つばめ警察署の田草川署長(西島秀俊)は、サラ金強盗事件をきっかけに20数年前の極秘任務を想い出す。それは、田草川がつばめ警察署に着任して最初の事件で、彼の任務はつばめが丘にある“菜の花配達局”なる私設郵便局を調査して、潰滅させることだった。身分を隠して街に潜入した田草川は、当時の立浪署長(阿藤快)の立てた、同じ街に住む水野百合子(小松千春)にラブレターを出すことで配達局を調査するという作戦を遂行しようとしたが、誰にも明るく優しい百合子に、本当に惚れてしまった。任務への忠誠心と彼女への気持ちの板挟みになった田草川は、やっとの思いで一通のラブレターを書き上げる。ところが、その字や文面の下手さ加減から、菜の花配達局の局員たちは彼の手紙を配達するのをやめてしまった。それを知った田草川は、私文書守秘義務に違反したと局員たちに怒りをぶつけたが、それは彼らがこの手紙では彼女の気持ちをつかむことができないと憂慮した末のことだったと分かる。
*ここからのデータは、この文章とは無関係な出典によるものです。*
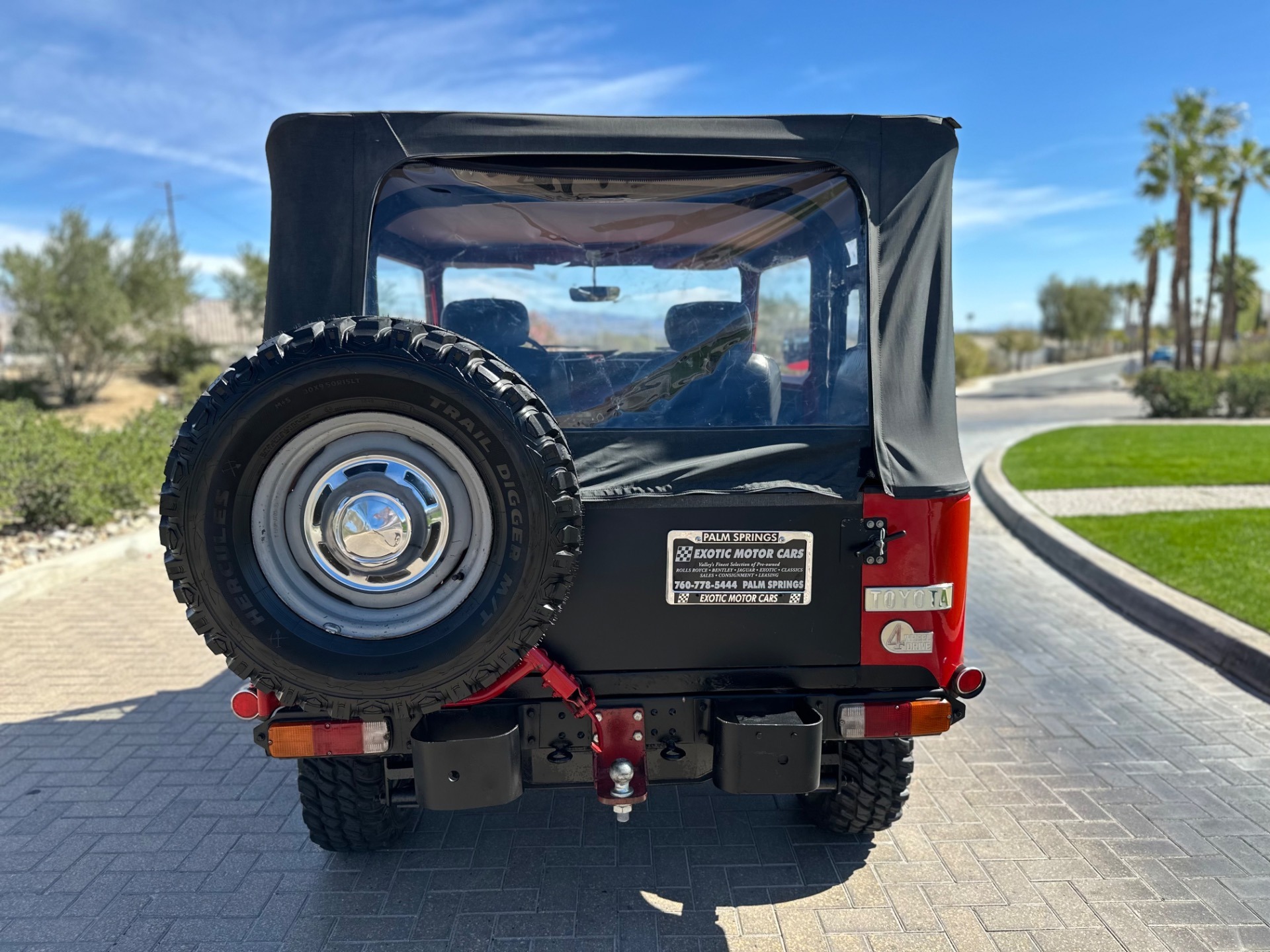 1977-toyota-land-cruiser-for-sale-15
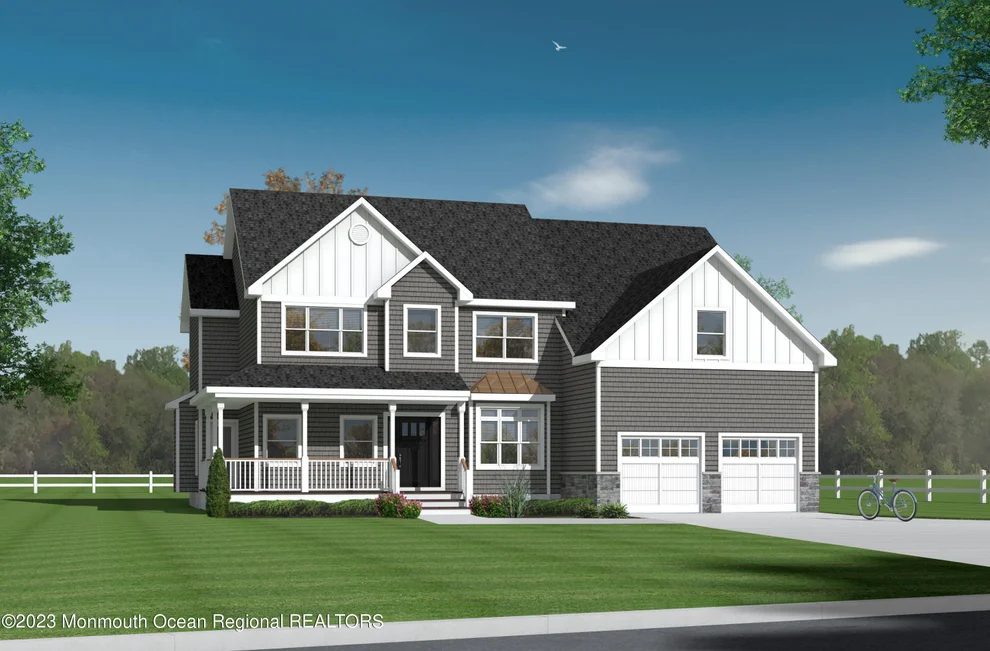 Unit for sale at 600 Yellowbrick Road, Brick, NJ 08724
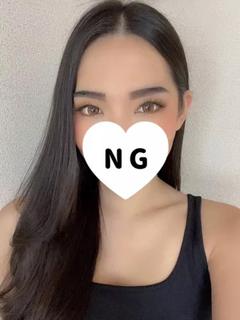 【完全性転換】えれな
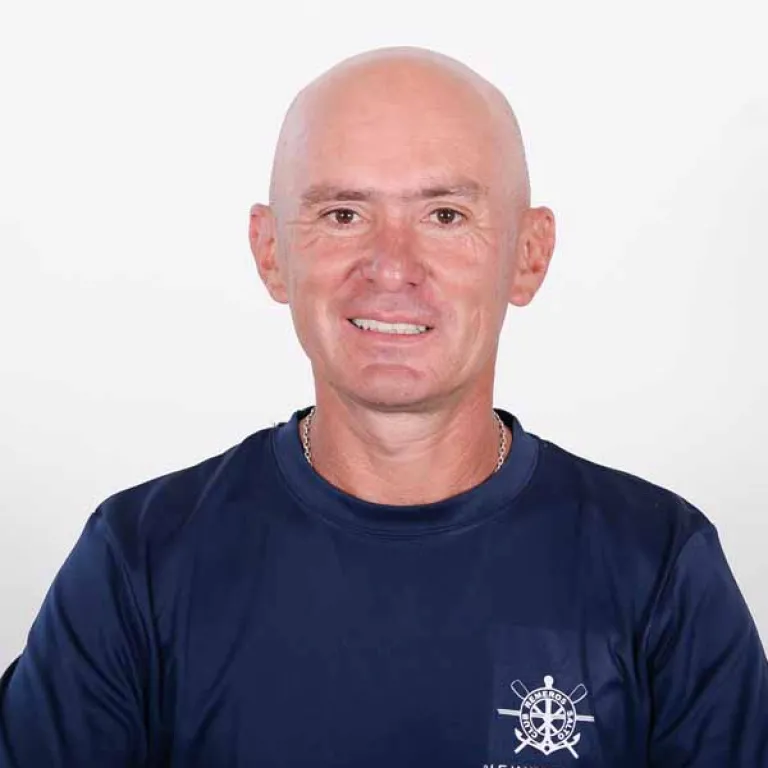 Alejandro Souza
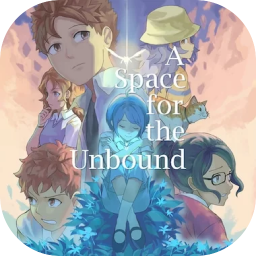 无垠之心 1.0.33 for Mac|Mac版下载 | A Space for the Unbound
どうせ配達するのならうまくいって欲しいというのが局員たちの気持ちなのだ。彼らの真意を知った田草川は、局員たちからラブレターの書き方を指導され、心温まる手紙を書き上げる。しかし、田草川のラブレターが百合子に配達されたころ、配達局は田草川の手紙の守秘義務違反の証拠をつかんだ立浪によって、閉鎖へと追い込まれてしまった。田草川は、その後引っ越してしまった百合子に会うことも叶わず、月日だけが流れた。配達局事件を想い出した田草川は、今のつばめが丘の街に、配達局の人たちが大切にしたいと願っていた心と心のふれあいが、今も息づいていることをふと感じていた。